What if successful strategies are sometimes formed through an emergent process of learning and adaptation?
Is following a coherent grand strategy the key to achieving successful outcomes in American foreign policy? For many experts in academia and Washington, the answer is yes. Policymakers usually face criticism when they take incremental actions based on short-term considerations. But could such actions actually converge into a successful emergent strategy over time?
Ionut Popescu conclusively shows that in some cases, an emergent learning model leads to better overall strategic performance than a long-term strategic plan or framework.
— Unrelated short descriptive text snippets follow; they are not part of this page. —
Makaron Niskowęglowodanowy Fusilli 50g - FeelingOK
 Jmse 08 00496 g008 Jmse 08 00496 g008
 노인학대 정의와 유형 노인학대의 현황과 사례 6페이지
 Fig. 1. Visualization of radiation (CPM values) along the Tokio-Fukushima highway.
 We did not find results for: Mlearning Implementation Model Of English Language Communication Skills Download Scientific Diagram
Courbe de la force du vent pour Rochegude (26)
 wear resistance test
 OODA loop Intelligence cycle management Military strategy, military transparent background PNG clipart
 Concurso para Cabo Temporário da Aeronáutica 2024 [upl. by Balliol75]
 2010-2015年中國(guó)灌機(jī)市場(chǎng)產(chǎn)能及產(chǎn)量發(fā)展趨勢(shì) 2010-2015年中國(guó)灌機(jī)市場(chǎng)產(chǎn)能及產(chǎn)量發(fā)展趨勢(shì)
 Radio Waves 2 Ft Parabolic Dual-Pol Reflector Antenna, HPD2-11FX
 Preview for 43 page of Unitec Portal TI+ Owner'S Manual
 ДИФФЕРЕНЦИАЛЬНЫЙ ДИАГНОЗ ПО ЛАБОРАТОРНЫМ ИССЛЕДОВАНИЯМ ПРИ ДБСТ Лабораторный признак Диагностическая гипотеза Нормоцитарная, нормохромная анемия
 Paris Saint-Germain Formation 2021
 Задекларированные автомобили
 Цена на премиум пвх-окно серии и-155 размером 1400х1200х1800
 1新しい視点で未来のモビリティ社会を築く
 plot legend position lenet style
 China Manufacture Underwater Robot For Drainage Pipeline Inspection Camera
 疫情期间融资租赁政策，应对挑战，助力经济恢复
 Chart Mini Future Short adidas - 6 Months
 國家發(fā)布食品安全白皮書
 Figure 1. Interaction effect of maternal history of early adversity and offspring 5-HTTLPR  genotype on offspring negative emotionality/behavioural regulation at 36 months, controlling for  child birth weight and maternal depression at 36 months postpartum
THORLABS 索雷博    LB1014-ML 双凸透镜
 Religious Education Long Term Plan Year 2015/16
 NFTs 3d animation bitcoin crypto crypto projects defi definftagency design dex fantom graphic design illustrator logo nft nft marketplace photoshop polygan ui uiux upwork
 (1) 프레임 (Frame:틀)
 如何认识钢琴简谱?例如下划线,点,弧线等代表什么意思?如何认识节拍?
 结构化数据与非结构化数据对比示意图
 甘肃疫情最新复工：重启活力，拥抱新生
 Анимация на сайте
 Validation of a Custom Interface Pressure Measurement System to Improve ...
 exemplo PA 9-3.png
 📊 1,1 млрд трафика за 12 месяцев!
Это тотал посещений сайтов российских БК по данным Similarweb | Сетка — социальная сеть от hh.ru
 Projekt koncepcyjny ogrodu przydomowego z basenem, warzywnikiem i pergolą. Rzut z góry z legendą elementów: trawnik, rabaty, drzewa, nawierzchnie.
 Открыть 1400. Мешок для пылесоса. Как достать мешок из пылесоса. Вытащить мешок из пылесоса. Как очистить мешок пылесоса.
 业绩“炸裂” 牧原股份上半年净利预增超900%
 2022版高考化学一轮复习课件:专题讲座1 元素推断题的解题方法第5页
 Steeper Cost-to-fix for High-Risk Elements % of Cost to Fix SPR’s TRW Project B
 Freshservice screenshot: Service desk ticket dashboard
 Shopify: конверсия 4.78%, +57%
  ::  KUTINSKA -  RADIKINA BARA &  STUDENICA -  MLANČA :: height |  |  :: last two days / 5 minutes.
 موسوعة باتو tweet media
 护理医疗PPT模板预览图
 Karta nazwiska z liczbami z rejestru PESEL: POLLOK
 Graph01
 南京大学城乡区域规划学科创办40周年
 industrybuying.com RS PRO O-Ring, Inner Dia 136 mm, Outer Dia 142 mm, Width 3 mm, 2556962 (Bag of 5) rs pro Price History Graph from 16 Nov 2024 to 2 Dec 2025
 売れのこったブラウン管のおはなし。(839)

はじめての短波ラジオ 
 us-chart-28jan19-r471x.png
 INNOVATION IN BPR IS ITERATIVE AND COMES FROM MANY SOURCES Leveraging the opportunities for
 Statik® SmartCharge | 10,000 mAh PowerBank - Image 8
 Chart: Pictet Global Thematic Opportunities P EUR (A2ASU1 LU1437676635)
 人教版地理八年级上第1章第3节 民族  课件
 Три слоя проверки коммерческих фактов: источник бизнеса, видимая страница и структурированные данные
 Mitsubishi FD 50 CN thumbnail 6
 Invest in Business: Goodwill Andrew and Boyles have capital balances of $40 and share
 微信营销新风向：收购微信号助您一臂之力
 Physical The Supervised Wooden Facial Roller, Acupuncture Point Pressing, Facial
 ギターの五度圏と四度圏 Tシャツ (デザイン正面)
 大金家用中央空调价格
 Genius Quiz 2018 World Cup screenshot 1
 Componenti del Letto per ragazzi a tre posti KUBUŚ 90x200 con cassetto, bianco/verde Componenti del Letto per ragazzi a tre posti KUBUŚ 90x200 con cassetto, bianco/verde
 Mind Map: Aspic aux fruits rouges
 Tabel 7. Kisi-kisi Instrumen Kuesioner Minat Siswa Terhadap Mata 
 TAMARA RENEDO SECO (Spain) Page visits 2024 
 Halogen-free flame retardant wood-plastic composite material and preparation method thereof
Popescu argues that it is time to rethink the origins of some of the most important successes and failures of America’s tenure as a global superpower after World War II. Presenting empirical data culled from archival research and interviews with higher-ups, Popescu covers eight US presidential administrations, ranging from Truman to Obama, to demonstrate that senior policymakers should be skeptical of the idea that formulating and implementing a long-term grand strategy is the road to a successful foreign policy legacy.
Instead, the book asserts, leaders should prioritize learning from the almost unavoidable mistakes they will make early in their careers and adapting their plans to unanticipated events and changes in the international environment. Emergent Strategy and Grand Strategy thus offers both scholars and practitioners of foreign policy an original theoretical framework to explain strategic success.